Indeed, the director populated the movie with nonprofessional actors and shot the film without a script; even the paucity of dialogue feels largely unnecessary. But there is enough singing and dancing to qualify Kummatty is a musical, part of an infectious aural tapestry that spans from birdsong to a ritual drum circle. The result is a marriage of fiction and documentary, the mundane and the fantastic, that is singularly jubilant.

The conflict at the heart of Yam Daabo (The Choice), the 1986 debut feature from Burkina Faso’s Idrissa Ouédraogo, is as old as Shakespeare: Two men have fallen in love with the same woman, resulting in attendant assaults, jealousies and revenge plots. But the film is as much wry comedy as it is domestic tragedy as it is stealth thriller, and its slipperiness of tone is one of its chief assets.
It follows a family of four struggling to survive in a desert climate where water is scarce and their entire belongings fit on a single donkey cart. A trip to a nearby city’s marketplace leads to an unspeakable accident that’s seemingly untethered from the central story, in which the eldest daughter, Bintou, is pregnant with the child of her boyfriend Issa while also being pursued by the aggressive Tiga, the ne’er-do-well son of a neighboring family.
In his introduction, Scorsese lauds the “quiet of the picture.” Like Kummatty, Yam Daabo is in no rush to foreground its plot points, taking time to inhale its surroundings and immerse itself in its characters’ agrarian existence.
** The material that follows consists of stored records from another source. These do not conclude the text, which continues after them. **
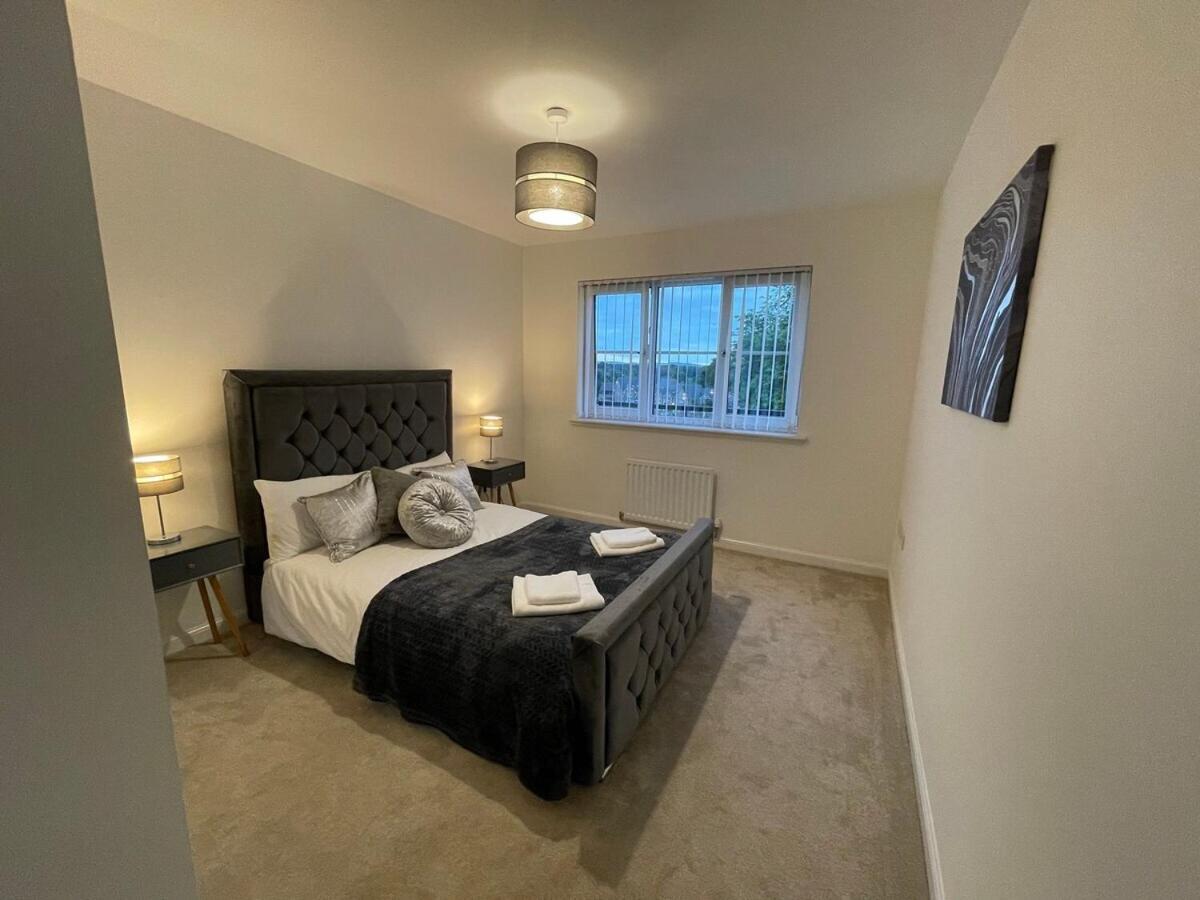 2 Bedroom Luxury Flat In Quiet Village Of Bishopton Apartment *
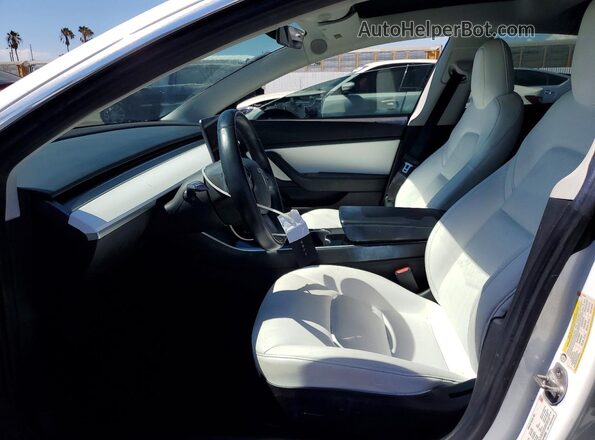 5YJ3E1EB8JF135552 2018 TESLA MODEL White წინა სალონის ხედი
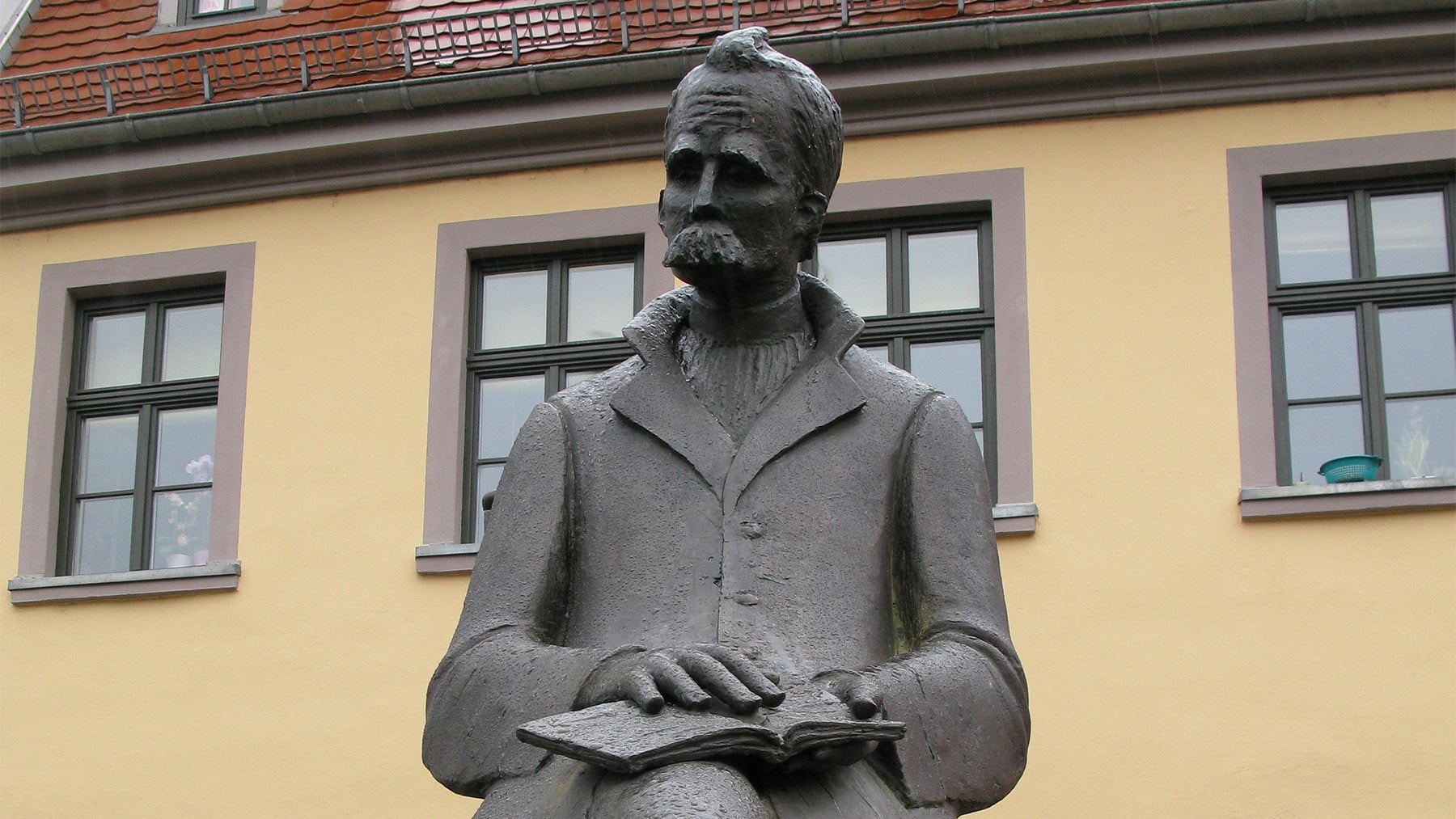 La reflexión de Friedrich Nietzsche sobre la sociedad moderna: El hombre es naturalmente egoísta, y está bien que lo sea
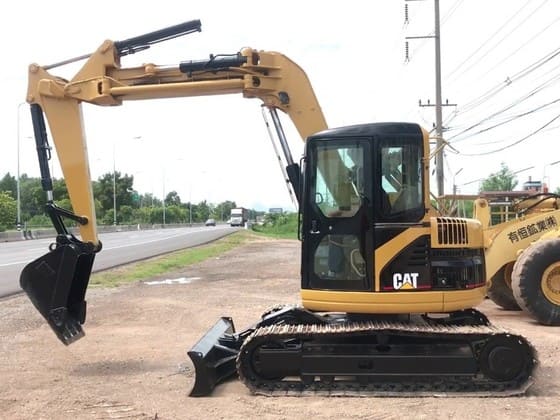 Мини-экскаватор «CAT 308 BSR» от «Аренда Спецтехники»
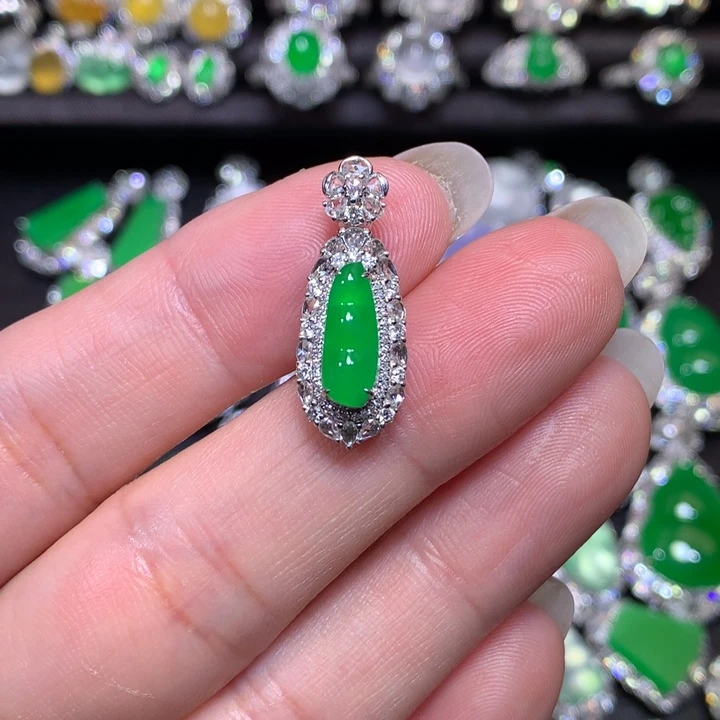 翡翠18K金镶嵌颈饰冰绿福豆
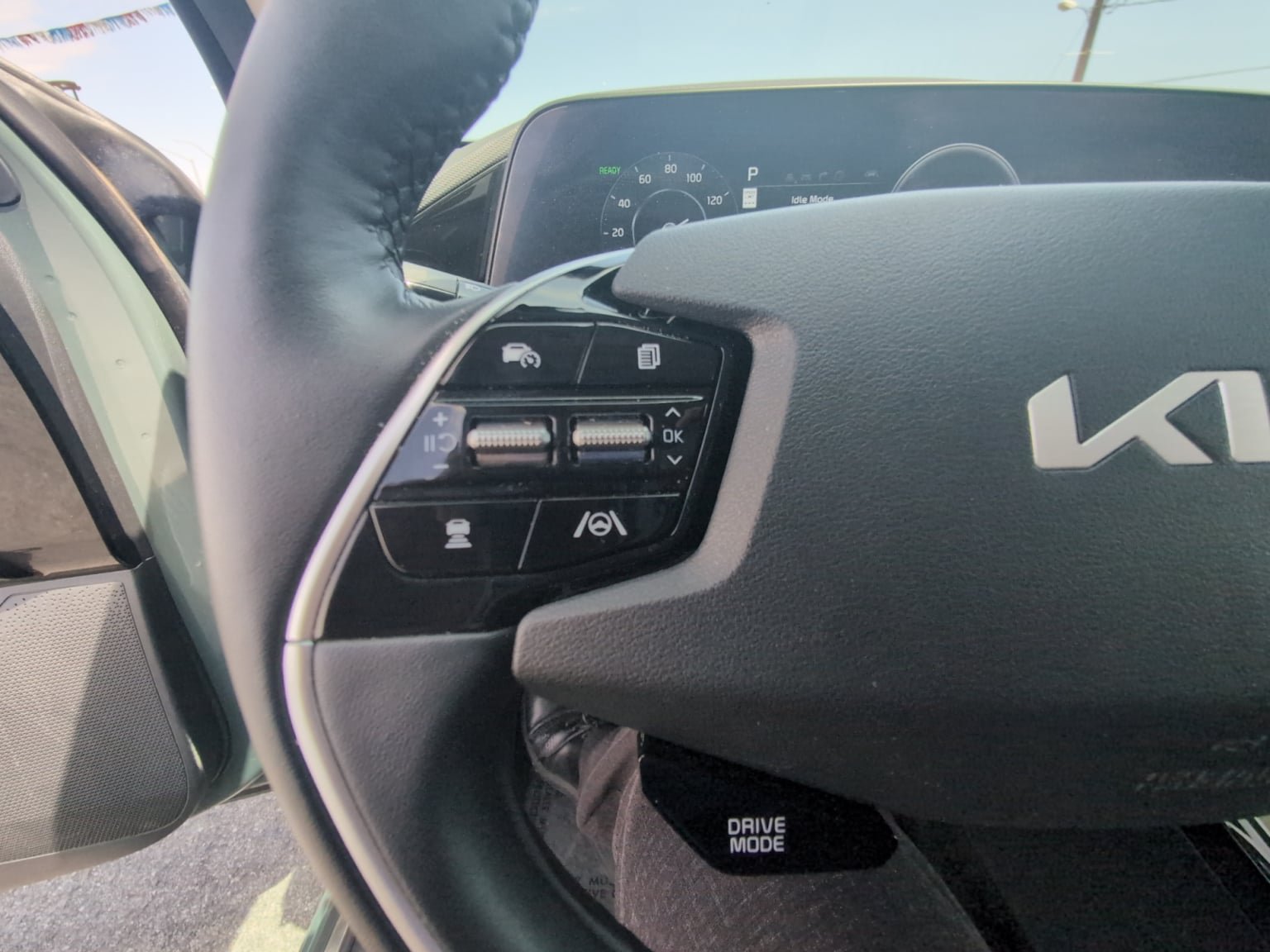 Used 2023 Kia Niro Wave FWD image 23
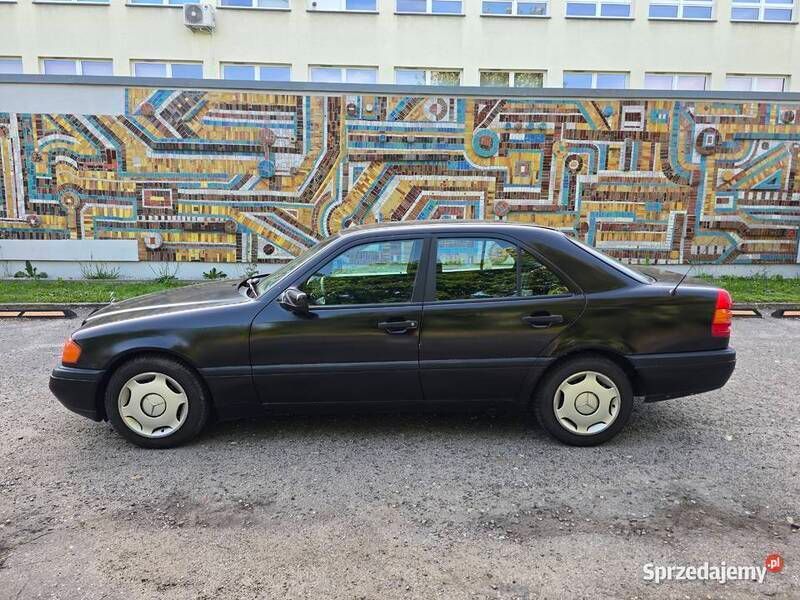 Używany Mercedes C180 1995 Czarny Sedan/Limuzyna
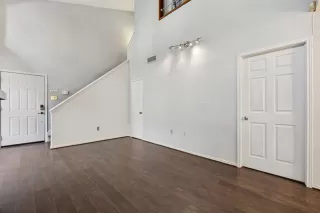 Photo #5: 21001061 Listing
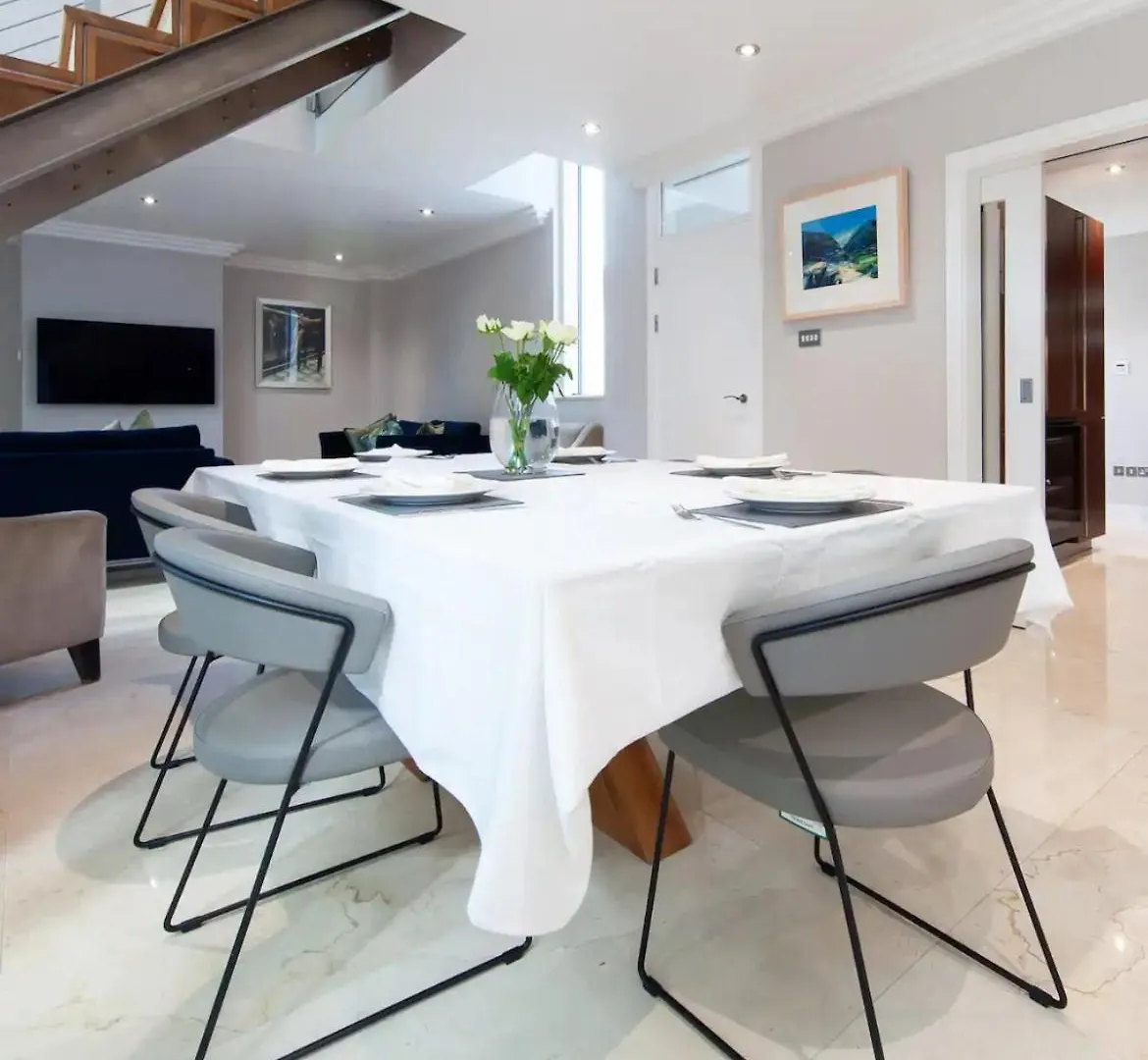 Aviva Stadium Mews Dublin - #Avivamews 0*,  Ireland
Ouédraogo’s matter-of-fact presentation of the exigencies of their fate is evident early on, when a death is captured by the sound of car wheels screeching to a halt followed by a cut to the digging of a grave. There is no time for sentiment amid the harshness of the Sahel.
Furthermore, this is a film in which nothing is telegraphed, and that therefore thrives on the unexpected. You may end the picture waiting for another shoe to drop, a tendency also embraced by directors such as Abbas Kiarostami and Jafar Panahi. Like these disruptive masters, Ouédraogo treats his audience as participants in his storytelling.
The box set concludes with a rarity in the Criterion canon — a dud. The Fall of Otrar (1991) is a passion project from first-time Kazakhstani director Ardak Amirkulov about the events leading up to, and including, the Mongols’ 13th-century destruction of the once-thriving city of Otrar. While the other films in this collection exude a universality that transcends time and borders, The Fall of Otrar requires a degree in Central Eurasian studies to make it through the opening text scroll, to say nothing of the convoluted story, which follows a slave-turned-warrior’s reconnaissance mission to prevent Genghis Khan’s historic sacking of his homeland. Or something like that.
Amirkulov, whom one Redditor, in a flight of pleasant alliteration, referred to as the “Kazakhstani Kurosawa,” is indeed a wondrous imagist. He’s a master of deep-focus mise-en-scène, with a particular aptitude for gorgeous compositions framed through palace doorways and bunker gaps. The experience of watching The Fall of Otrar is, nonetheless, about as enjoyable as a colonoscopy, from the impenetrable narrative to the overwrought style of much of the acting.
The battle scenes, which dominate the back half of the film, are impressive in their scope and brutality, but so are the ones in Mel Gibson’s movies, if that’s what lights your fire. For me, at the risk of being labeled a philistine, this was 157 minutes I won’t get back.